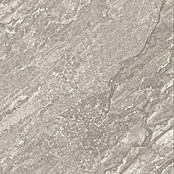 Terrassenfliese Quarzo (60 x 60 x 2 cm, Quarzo Beige, Matt) | BAUHAUS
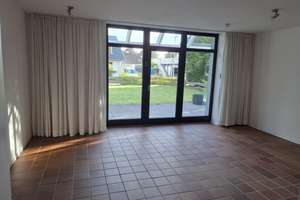 ***Wohnen mit Haus-Charakter in Waldnähe*** – Die vollständige Adresse der Immobilie erhältst du vom Anbieter., 25336 Elmshorn – Vorschaubild 10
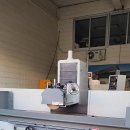 대창기계 이미지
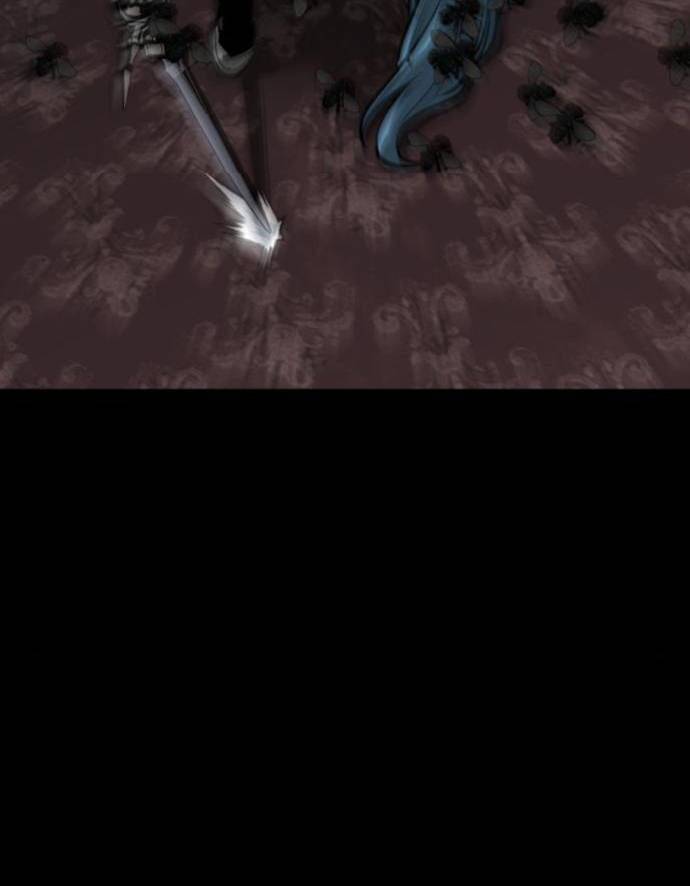 Nhân Vật Chính Ẩn Giấu Sức Mạnh Chap 57 - Next Chap 58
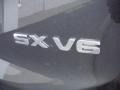 Gravity Grey - Telluride SX AWD Photo No. 11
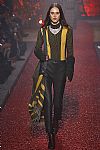 2018 Fall Winter', 'Hermes', 'Full Length', 'HERMES_WCFF18_038.jpg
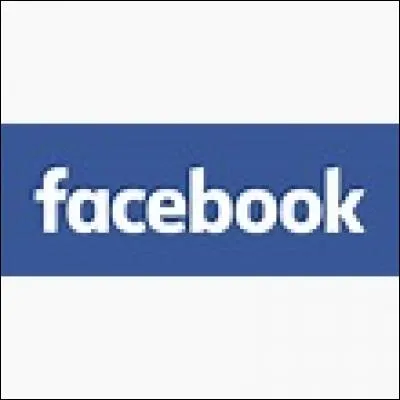 Facebook a été créé par des étudiants pour se parler dans leur lycée.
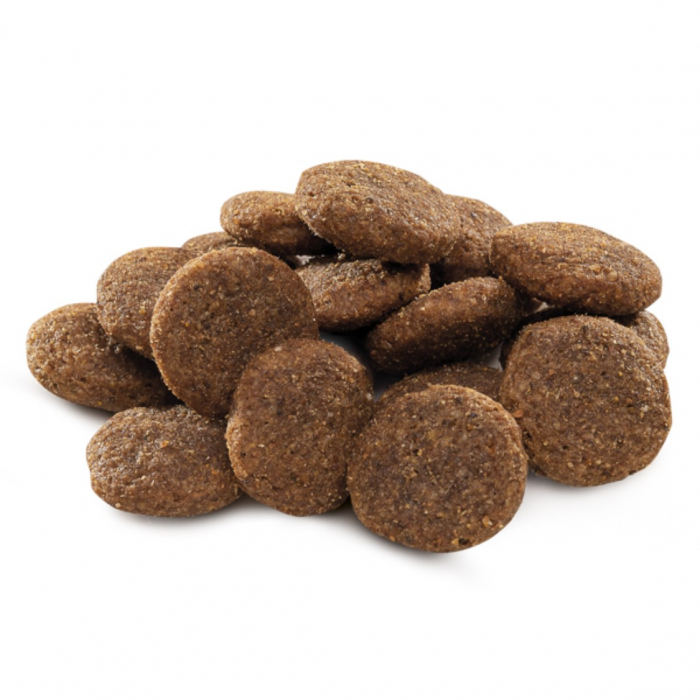 Brit Premium by Nature Adult L 8 kg [2]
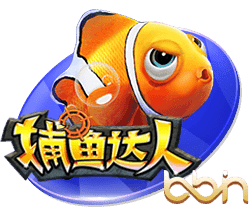 记者：利兹联与里昂就引进佩利达成一致，球员将飞往英格兰体检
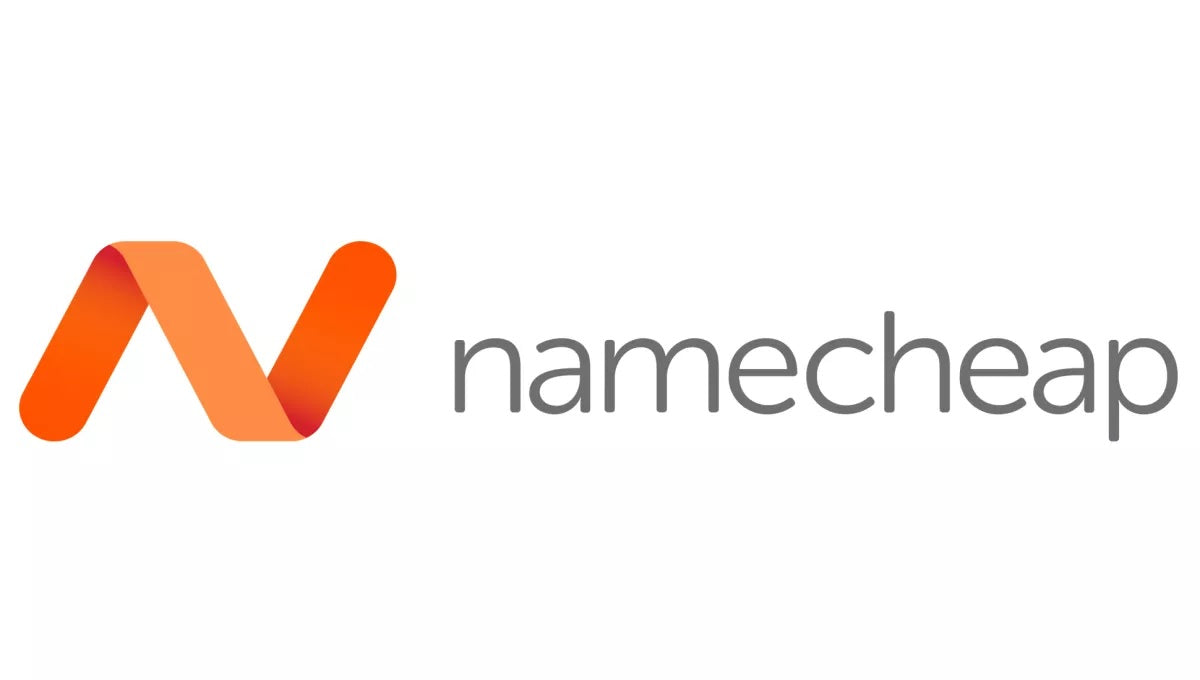 InstantSale PK Affordable and Reliable Web Hosting with Namecheap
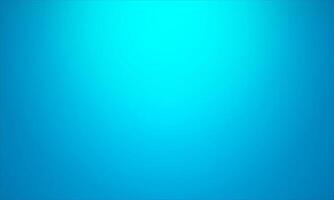 gradient background simple light blue vector design.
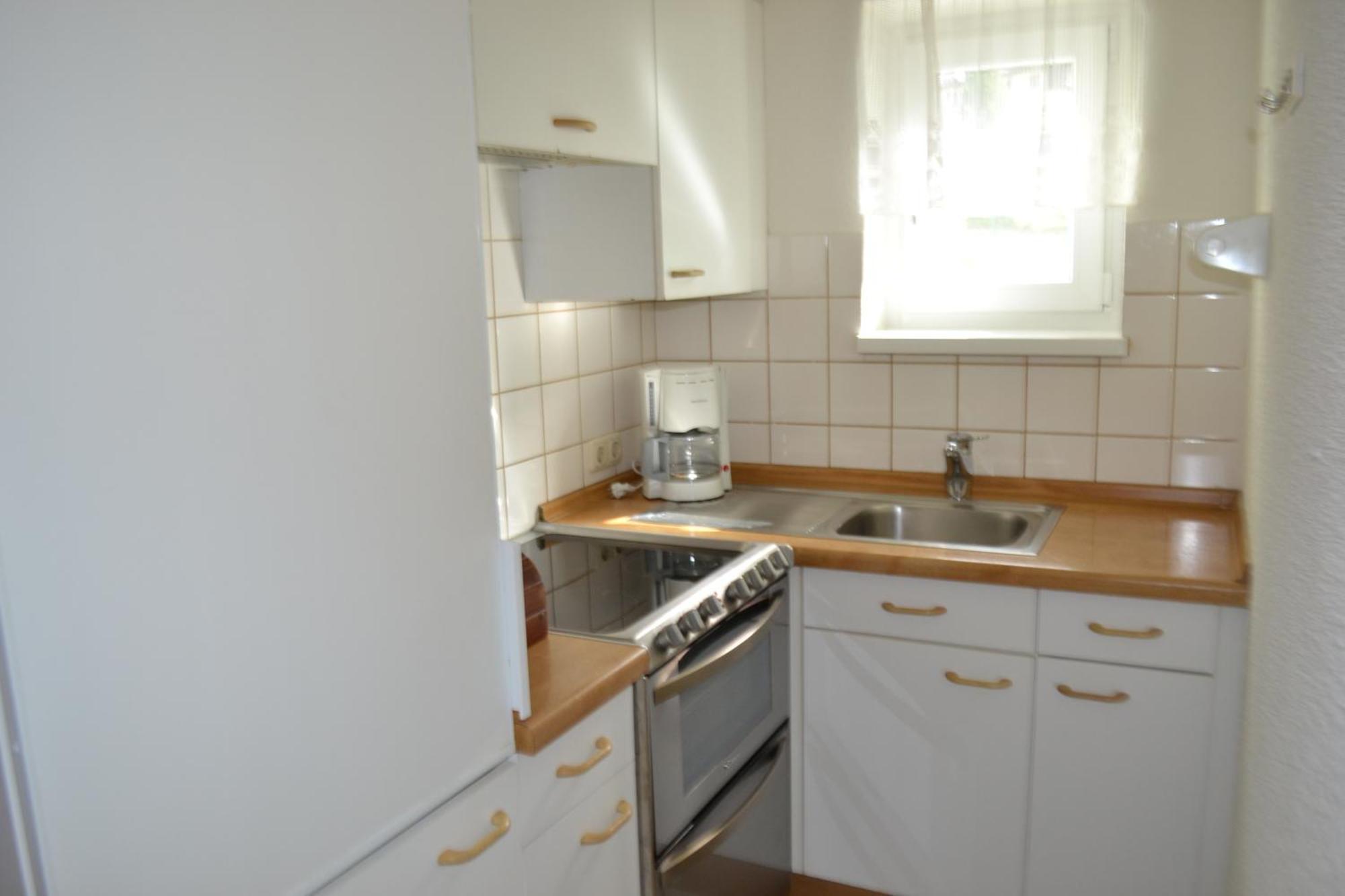 Apartment Marianne Bad Gastein Kültér fotó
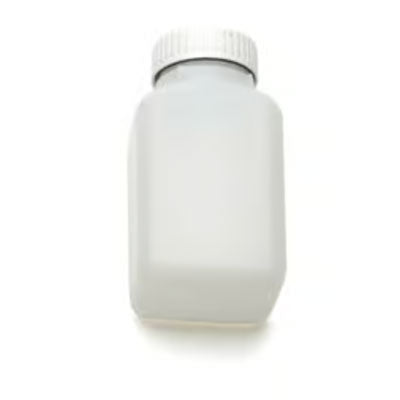Contenitore acqua 250 ml per aspiratori LAERDAL LSU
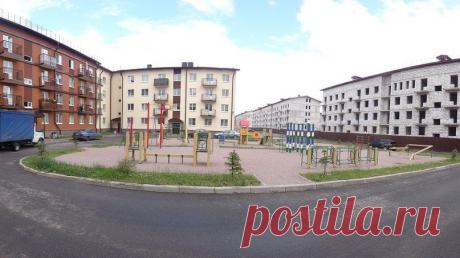 Новые фотографии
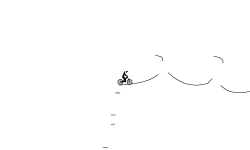 Short Wheelie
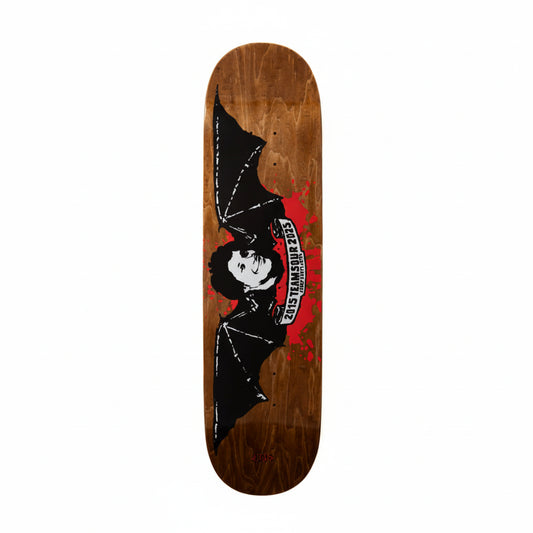Sour - Josef SMOD 8.5"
---
Exercise description: Every line of the material must be returned exactly; leave the images out.

Task solution:
 Terrassenfliese Quarzo (60 x 60 x 2 cm, Quarzo Beige, Matt) | BAUHAUS
 ***Wohnen mit Haus-Charakter in Waldnähe*** – Die vollständige Adresse der Immobilie erhältst du vom Anbieter., 25336 Elmshorn – Vorschaubild 10
 대창기계 이미지
 Nhân Vật Chính Ẩn Giấu Sức Mạnh Chap 57 - Next Chap 58
 Gravity Grey - Telluride SX AWD Photo No. 11
 2018 Fall Winter', 'Hermes', 'Full Length', 'HERMES_WCFF18_038.jpg
 Facebook a été créé par des étudiants pour se parler dans leur lycée.
 Brit Premium by Nature Adult L 8 kg [2]
 记者：利兹联与里昂就引进佩利达成一致，球员将飞往英格兰体检
 InstantSale PK Affordable and Reliable Web Hosting with Namecheap
 gradient background simple light blue vector design.
 Apartment Marianne Bad Gastein Kültér fotó
Contenitore acqua 250 ml per aspiratori LAERDAL LSU
 Новые фотографии
 Short Wheelie
Sour - Josef SMOD 8.5"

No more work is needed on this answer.